The Center for Medical Progress stated on its Facebook page Friday that it considers the contempt sanctions "unconscionable" and an "attack on [Daleiden's] rights to defend himself in a court of law by a judge whose extrajudicial interest in Planned Parenthood's success is well-established."
In early August Daleiden's group appealed to the United States Supreme Court to lift the injunction to no avail.
"Judge Orrick even wants to press his gag order in the California Attorney General's bogus criminal case against me," he said in a statement at the time.
Daleiden added that the order, "issued at the behest of Planned Parenthood and the National Abortion Federation, is an unprecedented attack on the First Amendment by a clearly biased federal judge."
The $200,000 fine follows a hearing that was held at the San Francisco Superior Court on Aug. 24 concerning 15 felony counts of illegal recording that California Attorney General Xavier Becerra filed against Daleiden. The case remains ongoing. Daleiden and his attorneys have long argued that the charges are bogus, particularly because Planned Parenthood had given sizable campaign contributions to Becerra.

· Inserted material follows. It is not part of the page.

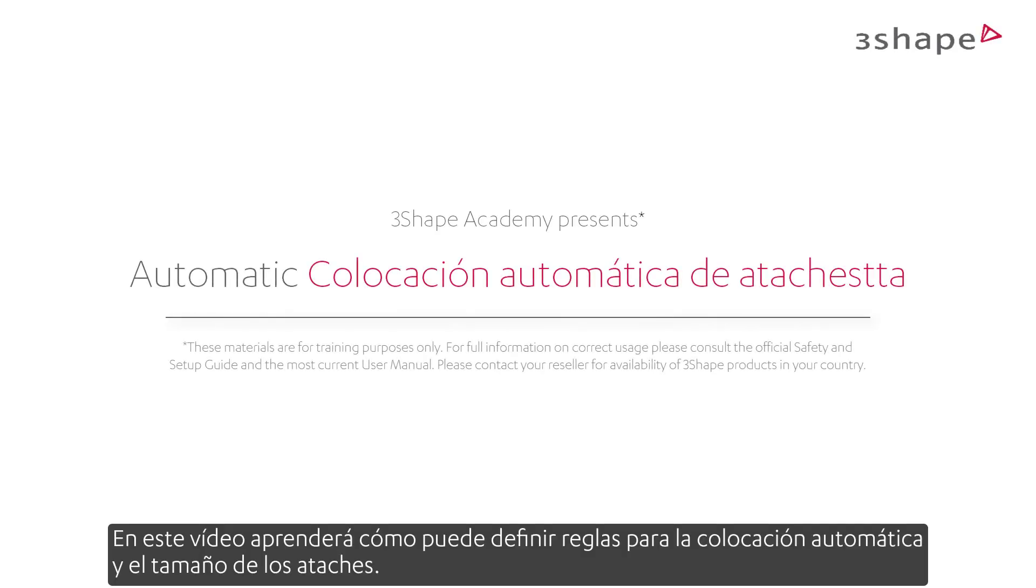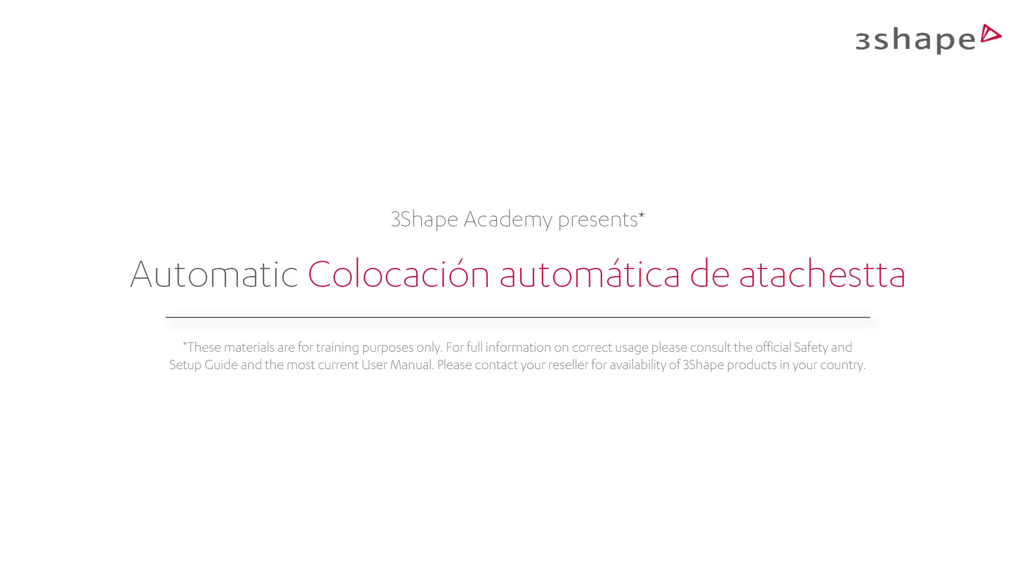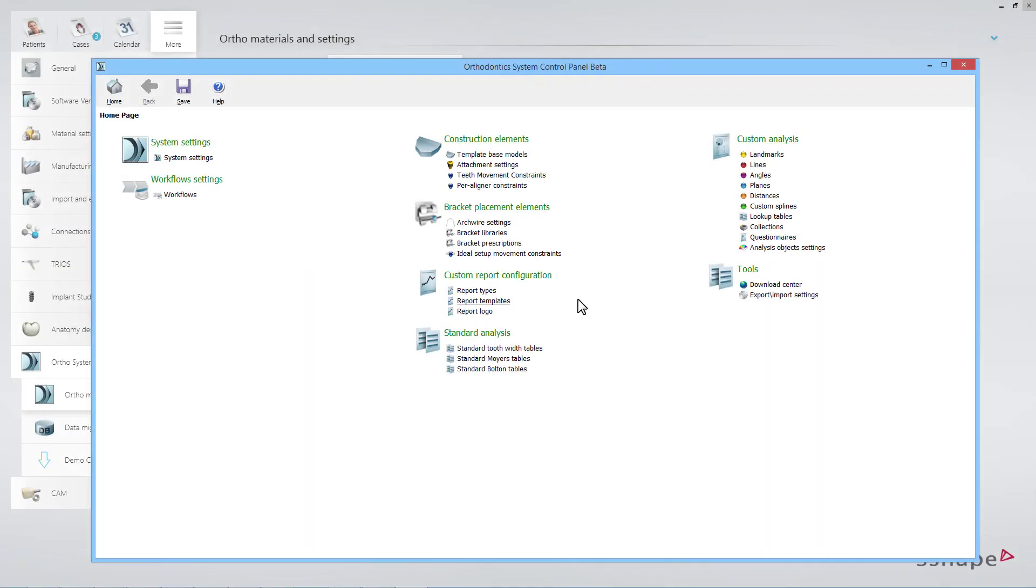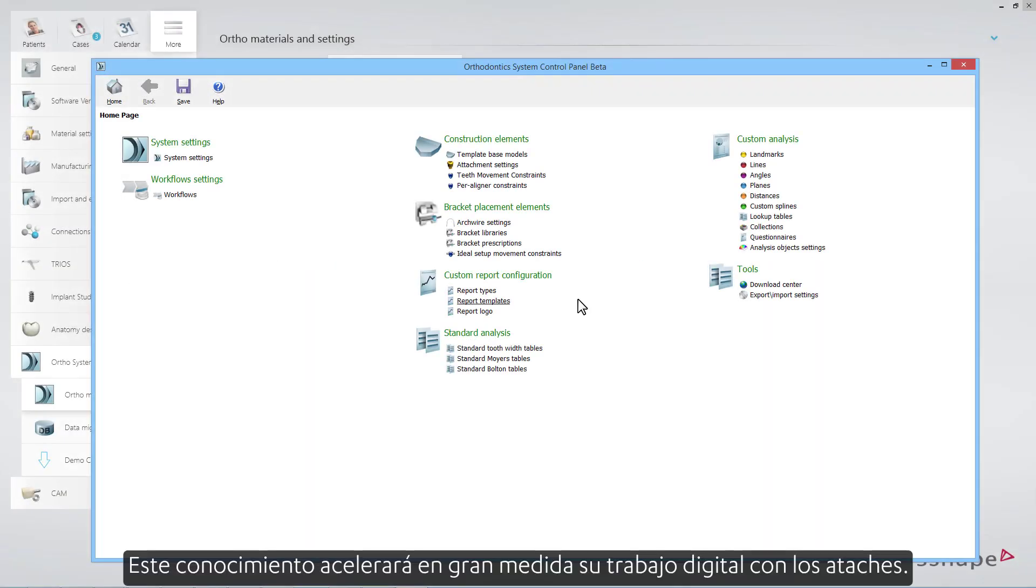In this video you will learn how you can define rules for automatic attachment placement and sizing. You will also see how to apply them inside the software. This knowledge will greatly speed up your digital work with attachments.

After Planned Parenthood denied that it profited from selling of babies' body parts, it later released a statement saying it would stop accepting reembursement payments for harvesting aborted babies organs and tissue. The abortion business had also claimed that Daleiden's videos were deceptively edited, even though complete transcripts and videos were made public.
Planned Parenthood has also argued that Daleiden is guilty of endangering abortion clinic workers because his undercover investigation was made public.
"The illegally obtained and maliciously edited video smear campaign launched by anti-abortion operatives threatened the safety and health of our patients and staff," Crystal Strait, who is the president of Planned Parenthood Affiliates of California, asserted.
Similar charges were filed in 2015 against Daleiden in Texas but were ultimately dropped.
In April a congressional panel released documents showing how baby body parts, such as brains, tissue and organs obtained during abortions were being sold to biotech companies and university medical researchers. The documents show that biotech firms such as StemExpress that procured fetal tissue had experienced explosive growth in recent years both in revenue and in contracts with abortion clinics, according to the Daily Caller.
StemExpress ended its contract with Planned Parenthood after Daleiden's undercover videos were made public.